Doença genética mitocondrial

José Reis
especial para a Folha

Douglas Wallace e colaboradores, da Emory University, em Atlanta (EUA), revelaram na revista "Cell" (61, 931) a causa genética de uma doença mitocondrial. Ela reside em defeito no mecanismo de tradução da mensagem genética, isto é, no processo pelo qual o DNA produz a proteína do corpo.
Na última década, identificaram-se várias doenças causadas por deficiências de enzimas mitocondriais. Nelas têm sido notadas mutações e deleções no DNA nuclear e no mitocondrial. Os quadros clínicos são heterogêneos (epilepsia, paralisia do globo ocular, cegueira, distúrbios hormonais, surdez, deficiência na contração do músculo cardíaco).
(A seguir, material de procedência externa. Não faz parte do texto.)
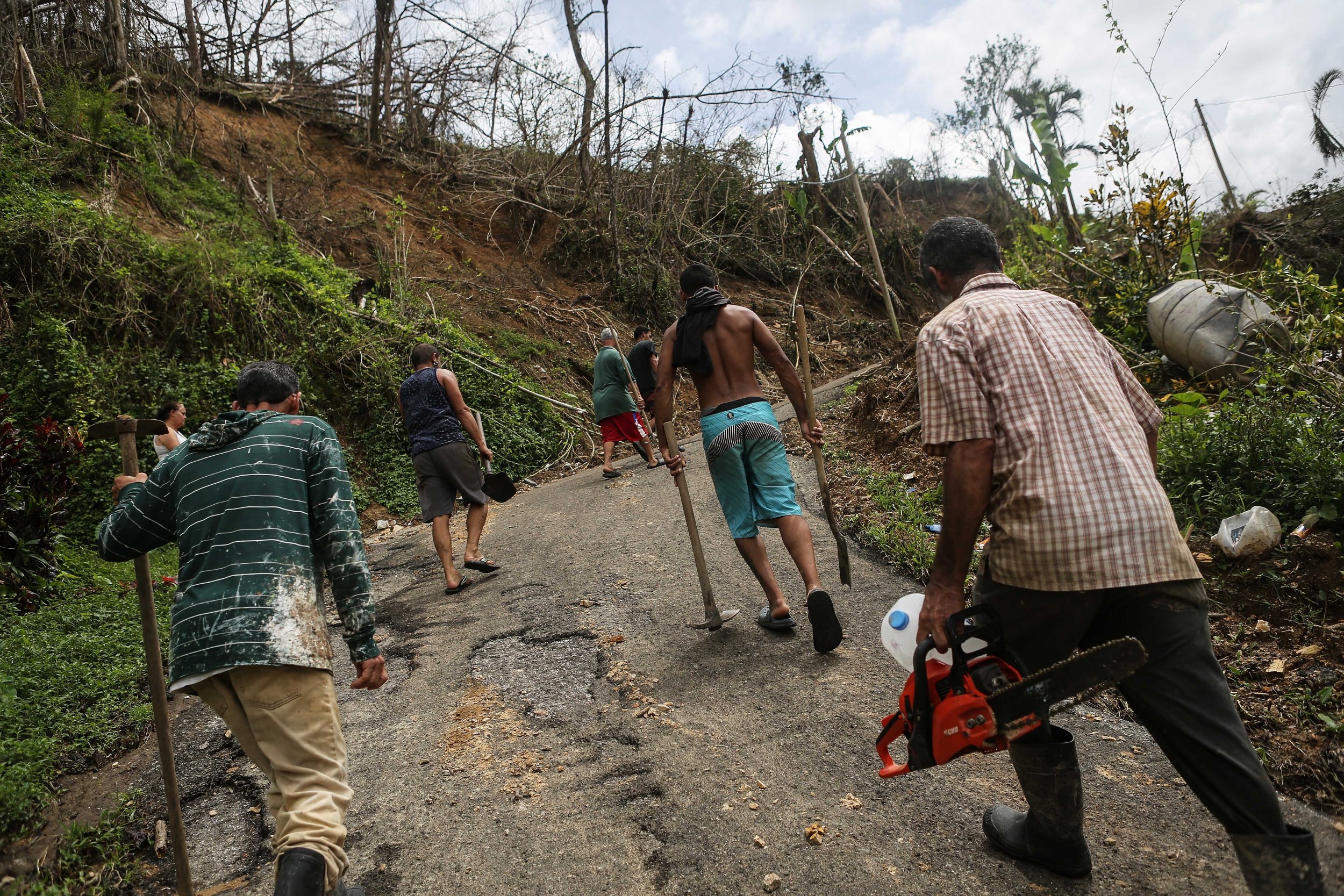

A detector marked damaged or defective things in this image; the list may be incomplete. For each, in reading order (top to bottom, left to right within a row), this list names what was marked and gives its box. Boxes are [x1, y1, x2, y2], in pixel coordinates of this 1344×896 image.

pothole in road [473, 634, 599, 720]
cracked asphalt road [181, 424, 1344, 892]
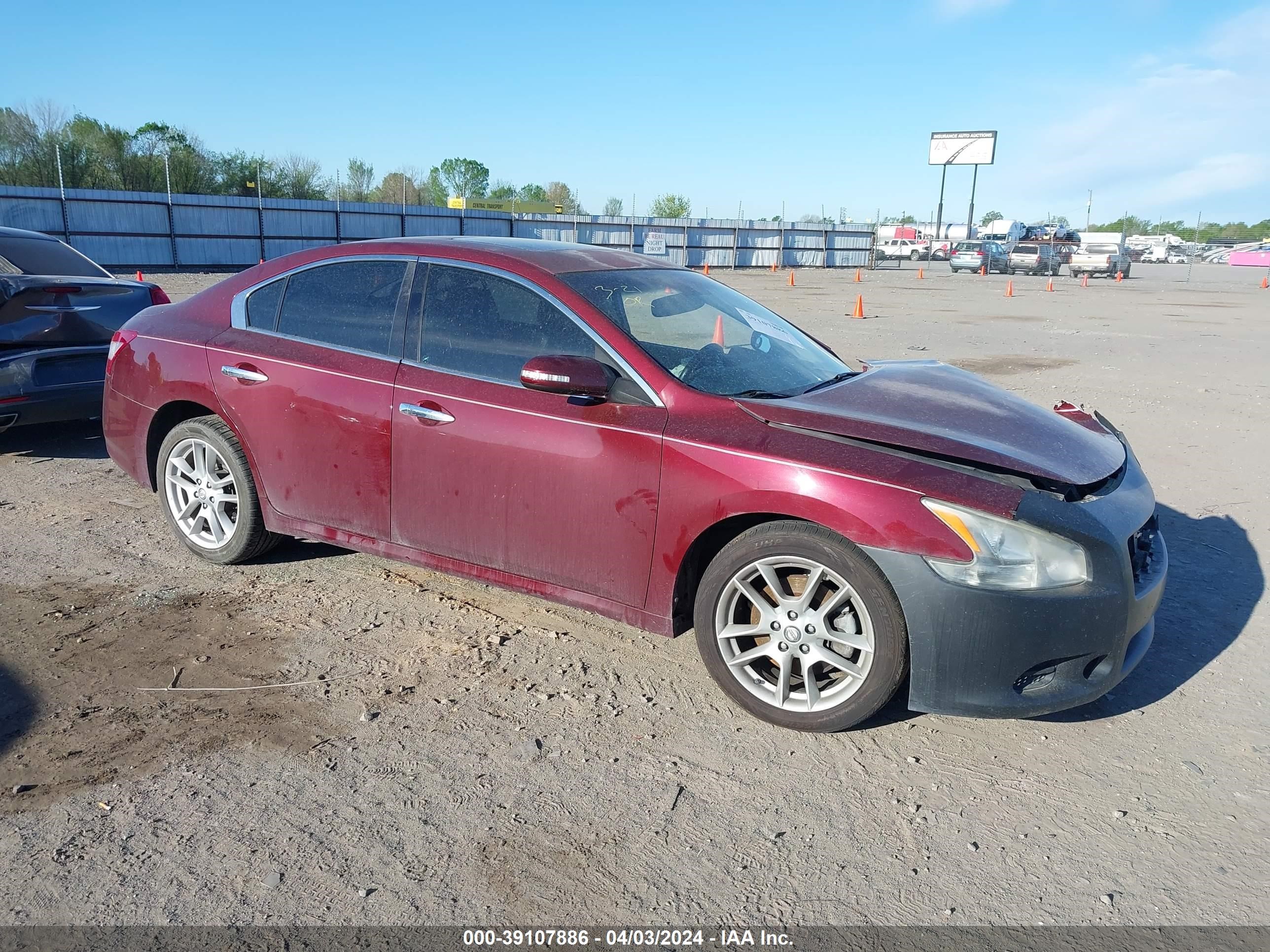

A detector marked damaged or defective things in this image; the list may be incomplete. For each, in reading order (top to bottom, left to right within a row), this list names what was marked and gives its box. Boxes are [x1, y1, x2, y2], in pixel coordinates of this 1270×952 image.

damaged hood [738, 361, 1128, 489]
Dois sinais típicos permitem identificar a doença mitocondrial: acidose lática e proliferação mitocondrial, com mitocôndrias gigantescas e cristais de proteína.
As mitocôndrias são organelas do citoplasma celular, onde têm a função de central energética. Cada mitocôndria possui seu próprio material genético sob forma de DNA, que forma molécula circular. Diferentemente do nuclear, só se transmite às células descendentes pela linha materna: na fertilização do óvulo, as mitocôndrias do espermatozóide são barradas e não atravessam a membrana ovular. A produção de energia pela mitocôndria é típica, fazendo-se pelo sistema chamado de fosforilação oxidativa.
A equipe de Wallace há vários anos estuda o complexo patológico conhecido em inglês por MERRF, que se manifesta em espasmos musculares breves (epilepsia mioclônica) associados a progressiva degeneração em tecidos nervosos e musculares, assim como hepáticos e renais, sintomas resultantes da incapacidade mitocondrial de fornecer suficiente energia. Pelas peculiaridades da doença, como a transmissão em linha materna e as deficiências bioquímicas do sistema energético de fosforilação oxidativa, suspeitou-se que o processo fosse de origem mitocondrial, o que foi encarado com ceticismo por vários investigadores.
Examinando o DNA mitocondrial de pacientes com MERRF, a equipe de Wallace confirmou a suspeita e descobriu que o defeito básico consistia em mutação num gene que comanda a produção do ácido ribonucléico de transferência (tRNA) que, no processo de transcrição do DNA em proteína, transporta o ácido aminado lisina para sua posição correta na proteína que se está formando.
Na MERRF, pela ligação das mitocôndrias com a geração de energia, a maioria dos sintomas atinge sistemas relacionados com esta, em graus variáveis conforme as demandas energéticas de cada estrutura. As manifestações são mais intensas no tecido nervoso, a seguir no muscular e em outros órgãos. Sua intensidade depende da quantidade de mitocôndrias com gene defeituoso. O quadro clínico varia muito, segundo a proporção de mitocôndrias normais e afetadas. Para Wallace, muitas síndromes clínicas que parecem misteriosas podem ser causadas por defeito no aparelho mitocondrial, inclusive processos degenerativos como as doenças de Huntington e Parkinson, além do envelhecimento.
É difícil saber quem descobriu o papel das mitocôndrias. Altman percebeu em 1890 que elas são elementos vivos, capazes, como as bactérias, de viver independentemente no citoplasma celular. Otto Warburg, em 1913, viu relação entre esses grânulos e a respiração celular. Mais tarde (1930), Bensley abriu os modernos caminhos de estudo das mitocôndrias, tentando isolá-las por centrifugação diferencial, o que foi conseguido em 1948 por Hageboom, Schneider e Palade no Instituto Rockefeller de Nova York. No mesmo instituto, as pesquisas de Kennedy e Lehninger demonstrariam que as mitocôndrias isoladas do fígado de rato são capazes de realizar oxidações fosforiladas em cujo decurso se fabrica o ATP (trifosfato de adenosina), o grande transportador celular de energia.